19

I'm trying to parse a JSON object within a shell script into an array.

e.g.: [Amanda, 25, http://mywebsite.com]

The JSON looks like:

{
  "name"       : "Amanda", 
  "age"        : "25",
  "websiteurl" : "http://mywebsite.com"
}

I do not want to use any libraries, it would be best if I could use a regular expression or grep. I have done:

myfile.json | grep name

This gives me "name" : "Amanda". I could do this in a loop for each line in the file, and add it to an array but I only need the right side and not the entire line.

codeforester
  • 39,467
  • 16
  • 112
  • 140
unconditionalcoder
  • 723
  • 1
  • 13
  • 25
  • 4
    Use `jq` for this. – sjsam Jul 14 '16 at 02:04
  • Have a look at [\[ this \]](http://unix.stackexchange.com/questions/177843/parse-one-field-from-an-json-array-into-bash-array) question and show us some effort on your part to solve this. – sjsam Jul 14 '16 at 02:12
  • 1
    This `cat myfile.json | grep name | cut -d ':' -f2` might help. – Rae Burawes Jul 14 '16 at 04:20
  • 2
    @sjsam: The accepted answer to the linked question demonstrates `jq` use well, but uses a misguided approach to reading its output into a shell array (as least as of this writing - comment posted). – mklement0 Jul 14 '16 at 05:29
  • 2
    I'm assuming instead of `[Amanda, 25, http://mywebsite.com]` you meant `( "Amanda" 25 "http://mywebsite.com")`; the latter is what bash's array syntax actually looks like. (Or, as given with `declare -p array`, this could also be printed as follows: `declare -a array='([0]="Amanda" [1]="25" [2]="http://mywebsite.com")'`) – Charles Duffy Jul 14 '16 at 13:19
  • ...if you want isn't a bash array but some other language's idea of an array, the question should make that explicit. – Charles Duffy Jul 14 '16 at 13:20
  • @sjsam, ...btw, thank you for the pointer -- I made an effort to add a non-buggy (well, less-buggy; still can't handle embedded newlines in content, but all our answers here have the same problem) answer to the question you linked. – Charles Duffy Oct 05 '16 at 03:04

4 Answers4

23

If you really cannot use a proper JSON parser such as jq[1] , try an awk-based solution:

Bash 4.x:

readarray -t values < <(awk -F\" 'NF>=3 {print $4}' myfile.json)

Bash 3.x:

IFS=$'\n' read -d '' -ra values < <(awk -F\" 'NF>=3 {print $4}' myfile.json)
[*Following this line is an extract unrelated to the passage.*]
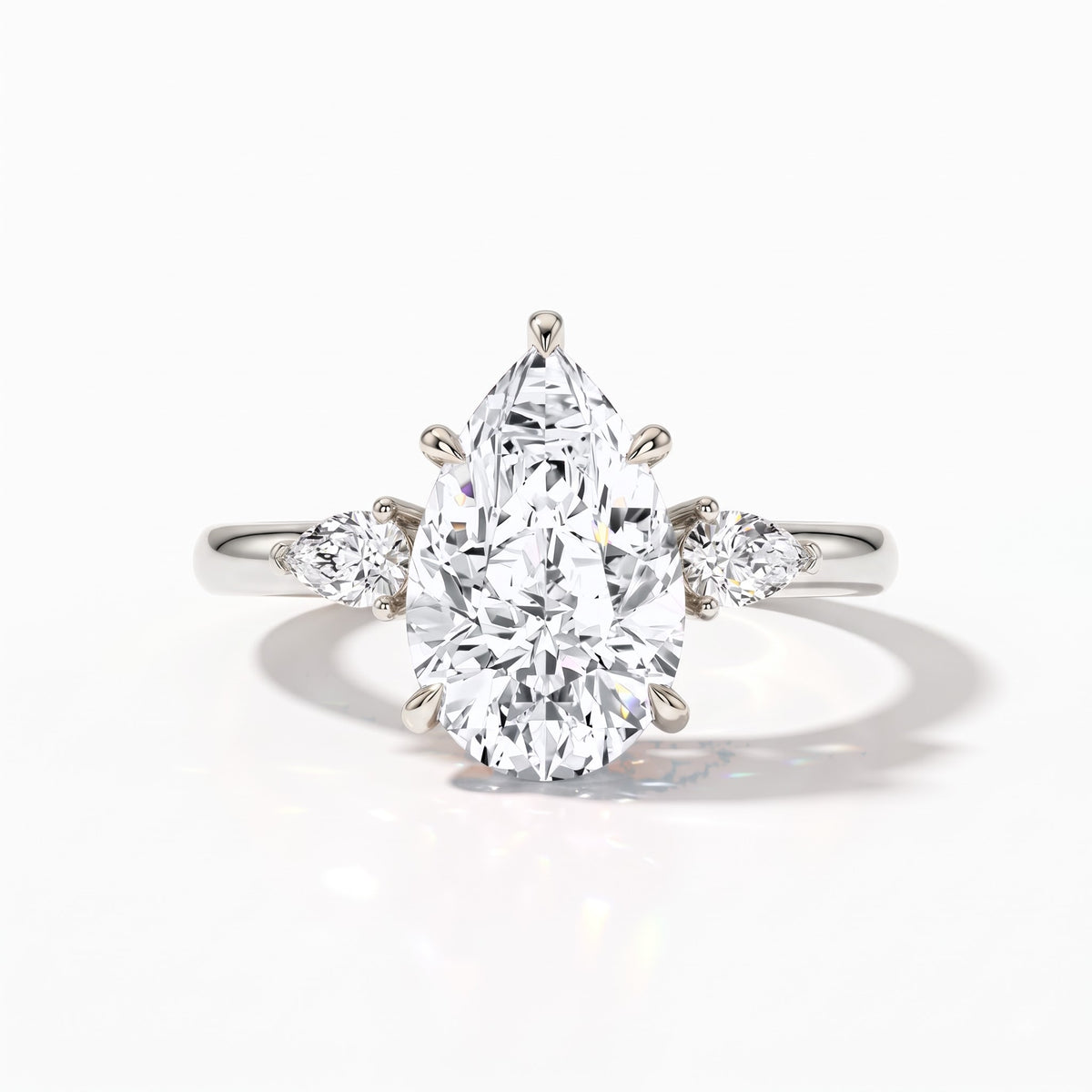 Pear cut lab-grown diamond three-stone engagement ring with pear side stones in 18K (750) white gold, front view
This stores all property values in Bash array ${values[@]}, which you can inspect with
declare -p values.

These solutions have limitations:

  • each property must be on its own line,
  • all values must be double-quoted,
  • embedded escaped double quotes are not supported.

All these limitations reinforce the recommendation to use a proper JSON parser.


Note: The following alternative solutions use the Bash 4.x+ readarray -t values command, but they also work with the Bash 3.x alternative, IFS=$'\n' read -d '' -ra values.

grep + cut combination: A single grep command won't do (unless you use GNU grep - see below), but adding cut helps:

readarray -t values < <(grep '"' myfile.json | cut -d '"' -f4)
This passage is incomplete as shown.